Arts Ministry, Drawing, Education, Iconography, Liturgical Design, Painting, Public Art
Artist / Personal Statement
My goal for the abstract spiritual original paintings I create is to translate sacred realities into a contemporary visual language to ignite spiritual imagination. There are a number of ways to translate transcendent reality into paint. To form visible signs of invisible grace, I use abstraction which—so powerfully through color, line, and texture—speaks directly to the heart. I layer my paintings with symbolism for those who choose to read them cognitively. While these paintings have specific religious meaning to me, I hope they invite you to reflect on spiritual realities dear to your heart.
To create symbolism, I use abstract elements, certain materials, and selected painting methods. For example, in Passion to Pentecost, the triptych format of three panels symbolizes the Trinity.

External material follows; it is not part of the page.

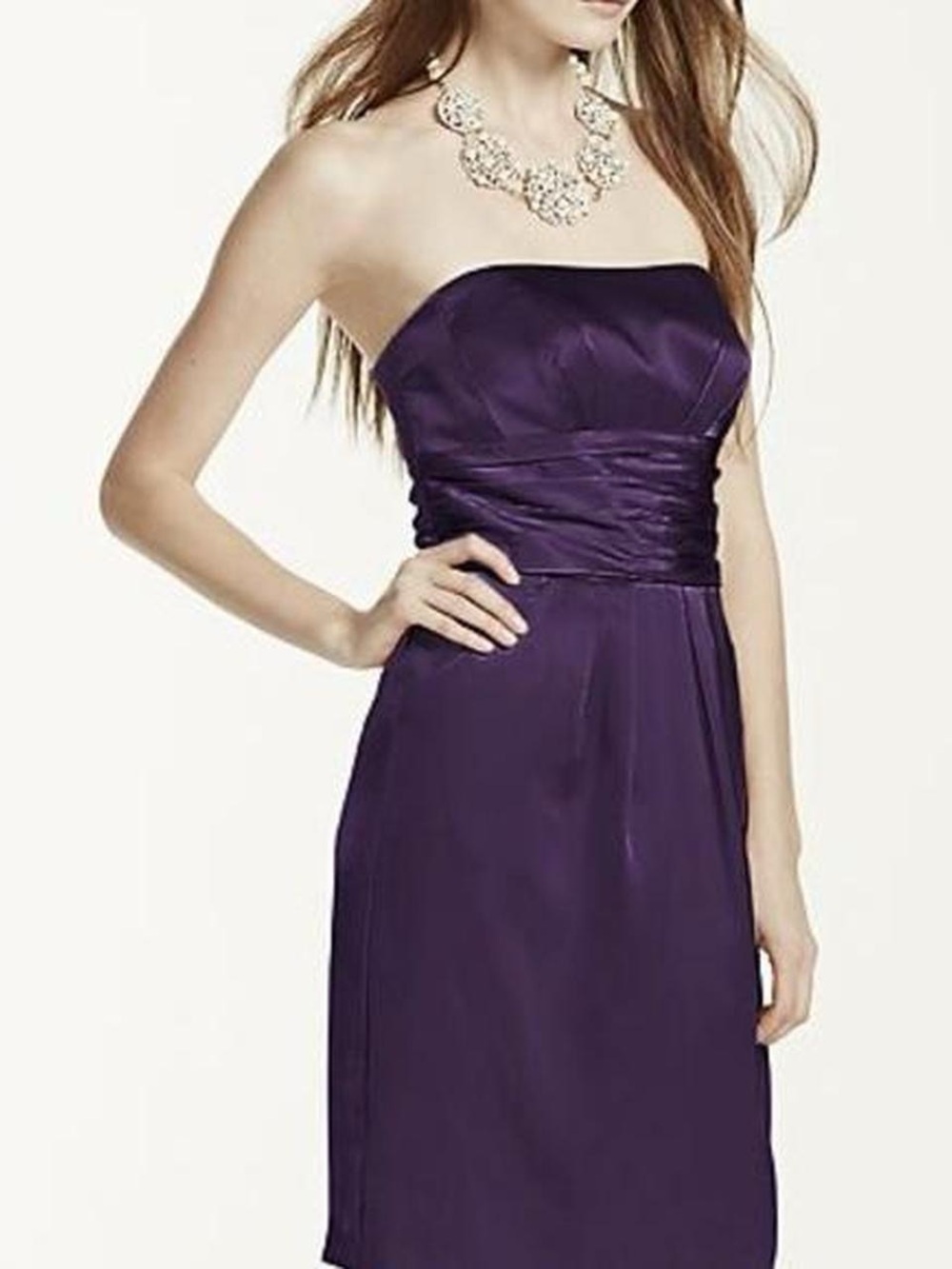 David’s Bridal Strapless Pleated Satin Bridesmaid Dress Women’s Size 14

Passion panel, I poured the paint to express His shedding of blood for our sins. To layer my painting with symbolism, I dripped the red paint in the form of the five wounds of Christ. Easter panel, I dripped paint towards heaven to convey resurrection. The gold and light symbolize divinity. In the Pentecost panel the color red symbolizes tongues of fire and few brush marks imply a dove, a symbol of the Holy Spirit. To capture feelings of grace, light and God, I use a number of techniques including the old masters' use of glazes to capture luminosity. I integrate found objects that abound with symbolism, such as sand from Jerusalem. The torn-like edges symbolize that they are a part of something much greater.
My art direction is connected to the long tradition of artists who have turned to a world we cannot see except through faith. I could not ask for a richer history to follow. The Spirit has motivated art making over time in many cultures. Today, mainstream contemporary art and sacred art are worlds apart. As G.K. Chesterton, an early twentieth century writer wrote: “In the beginning there was art for God’s sake, then in the Renaissance there was art for man’s sake. Beginning with Impressionism there was art for art’s sake. Now, unfortunately, we have no art for God’s sake.”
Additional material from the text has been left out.